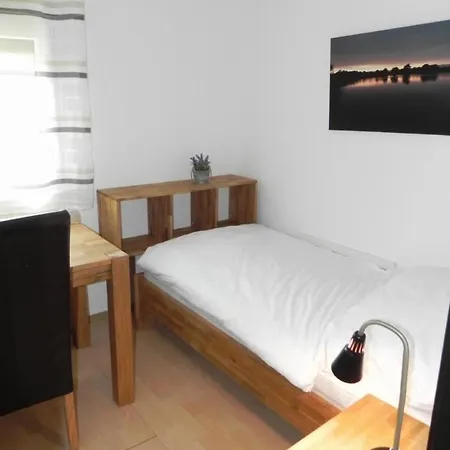 Casa de Férias Freistehendes In 2reihe Am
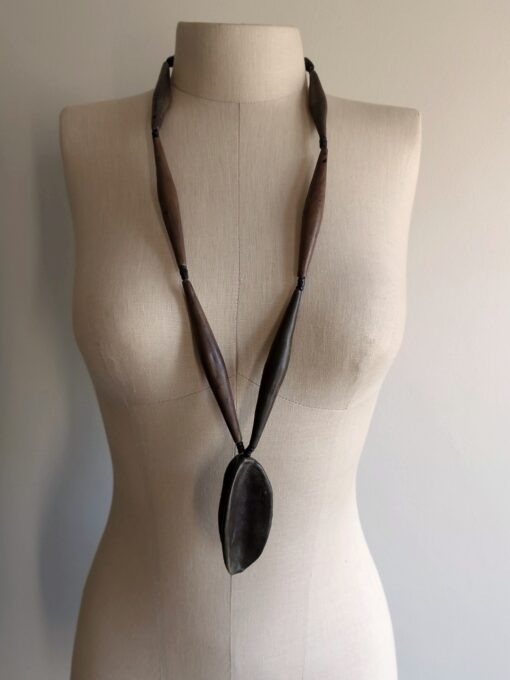 Brown Necklace - Image 4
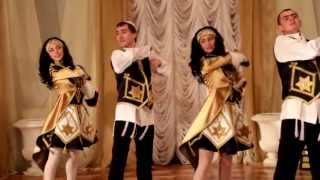 Avanscena  Jewish Dance [upl. by Asreht]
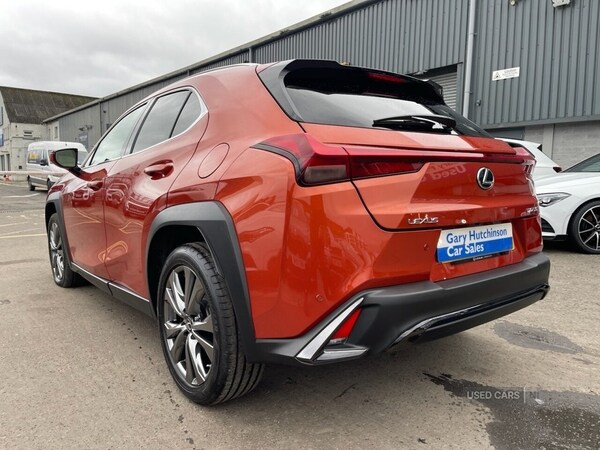 Used Lexus UX 2022 for sale - 77469540: Photo 35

YOUR GOAL | Transcribe every line of the listing above exactly; skip the pictures.

EXERCISE ANSWER |
 Casa de Férias Freistehendes In 2reihe Am
 Brown Necklace - Image 4
 Avanscena  Jewish Dance [upl. by Asreht]
 Used Lexus UX 2022 for sale - 77469540: Photo 35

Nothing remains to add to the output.